Crawled caption data:
▼▼▼

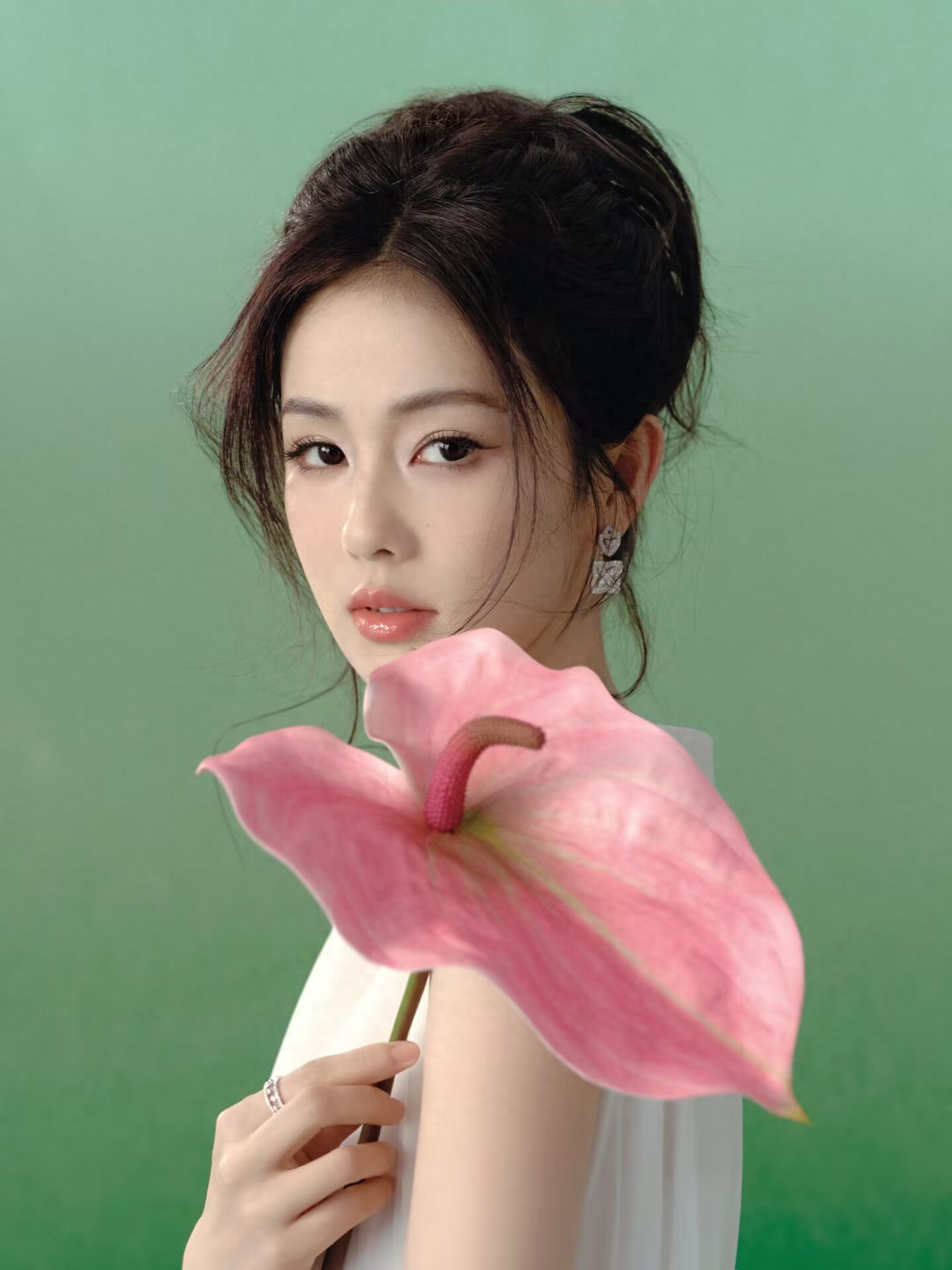 女星白鹿手捧粉红鲜花，清新脱俗美如画！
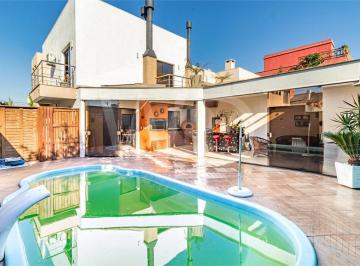 Casa · 178m² · 3 Quartos · 3 Vagas · Condomínio com 3 quartos à venda em Hípica - RS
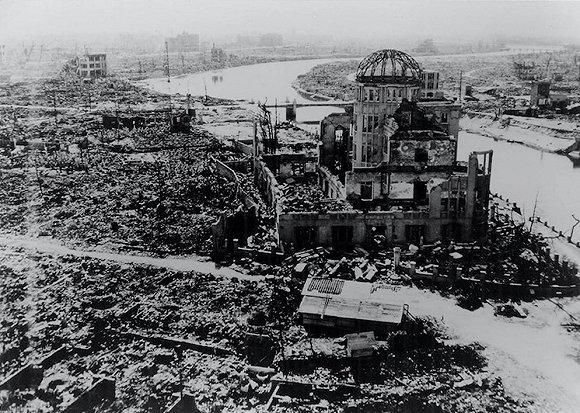 1945年,美国在日本广岛投 "原子弹" 幕后计划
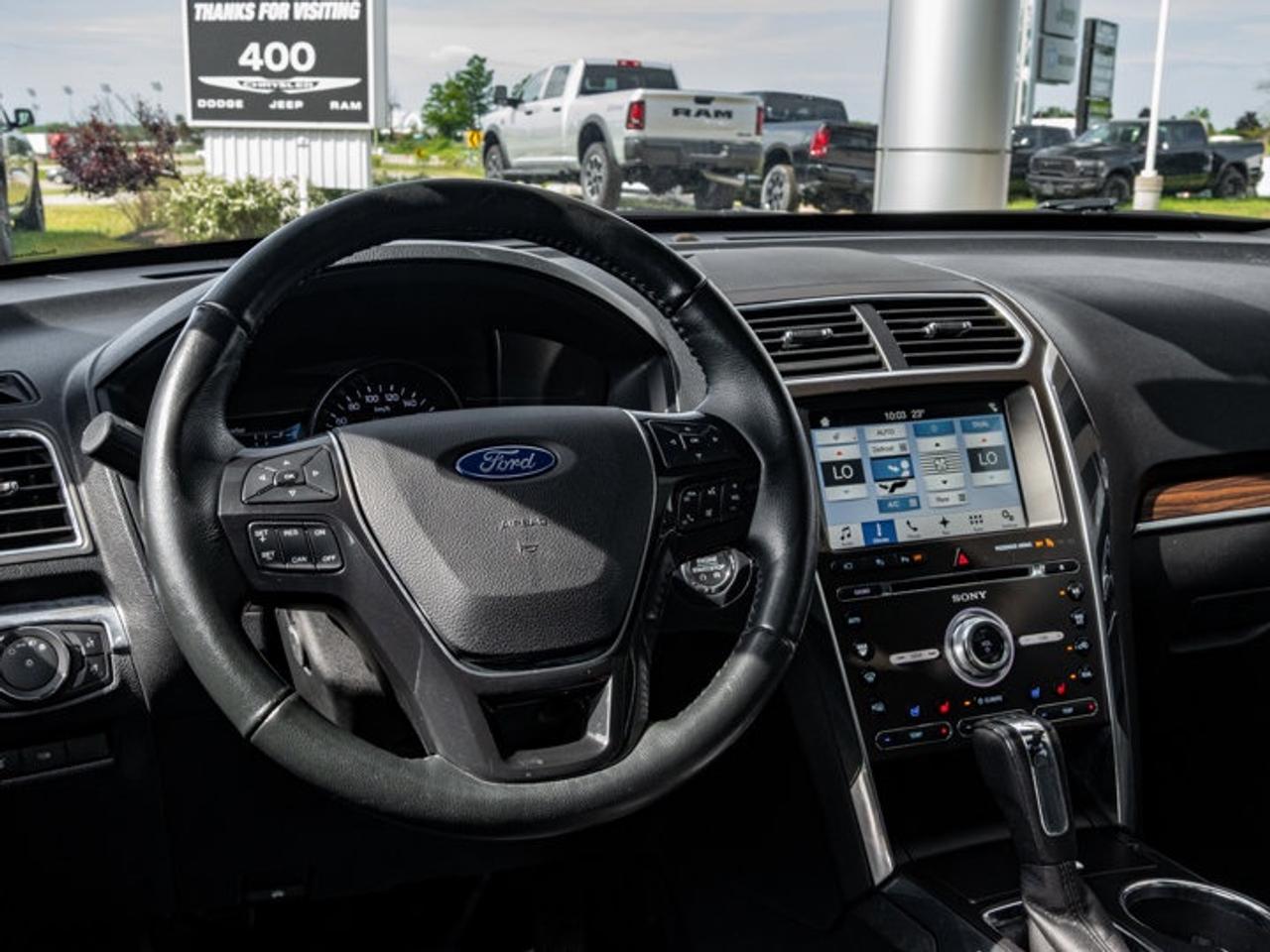 2017 Ford Explorer LIMITED Photo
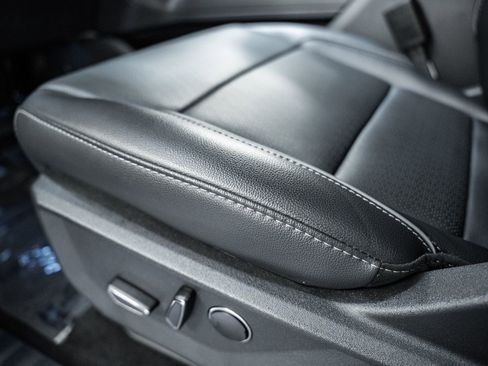 Certified 2025 Ford F150 Lariat w/ Equipment Group 502A High image 42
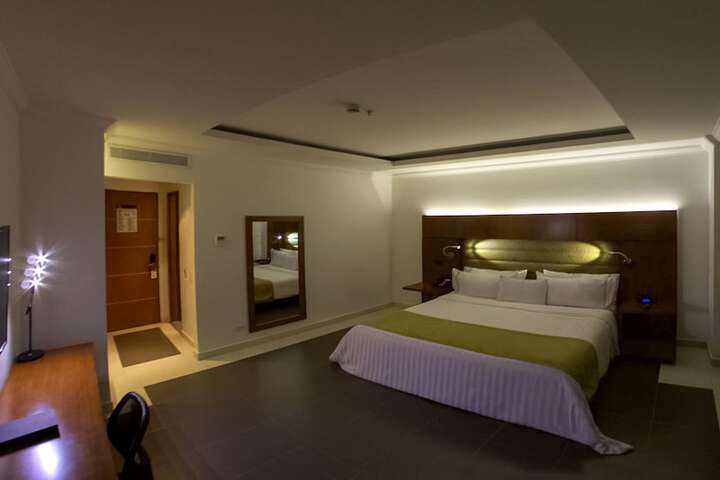 Room 15 of 48
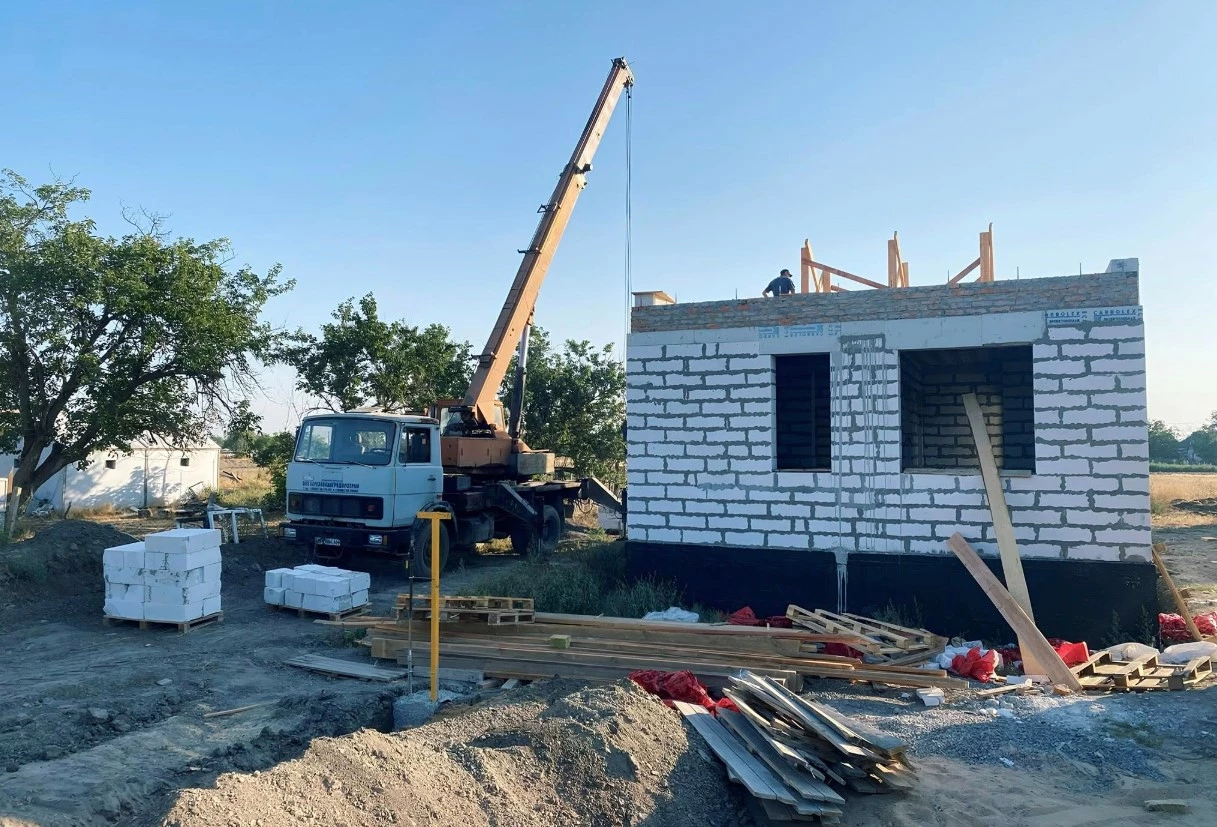 Відбудовують село Посад-Покровське на Херсонщині, зруйноване росіянами
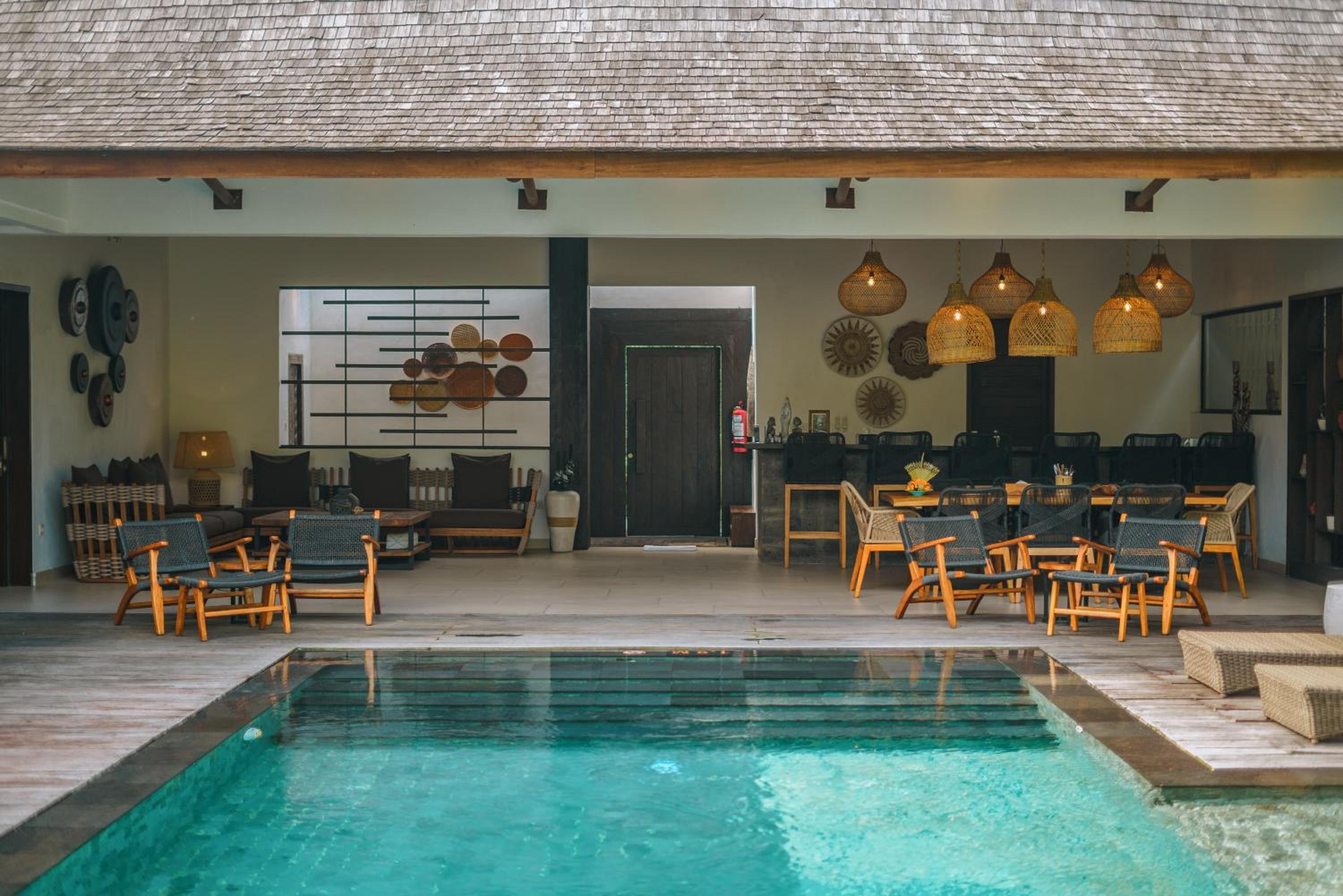 Three-Bedroom Luxury Pool Villa Garden View - Photo 6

▲▲▲

An exact reprint of the records above is required, with all pictures left out.

**Written answer:**
 女星白鹿手捧粉红鲜花，清新脱俗美如画！
 Casa · 178m² · 3 Quartos · 3 Vagas · Condomínio com 3 quartos à venda em Hípica - RS
 1945年,美国在日本广岛投 "原子弹" 幕后计划
 2017 Ford Explorer LIMITED Photo
 Certified 2025 Ford F150 Lariat w/ Equipment Group 502A High image 42
 Room 15 of 48
 Відбудовують село Посад-Покровське на Херсонщині, зруйноване росіянами
 Three-Bedroom Luxury Pool Villa Garden View - Photo 6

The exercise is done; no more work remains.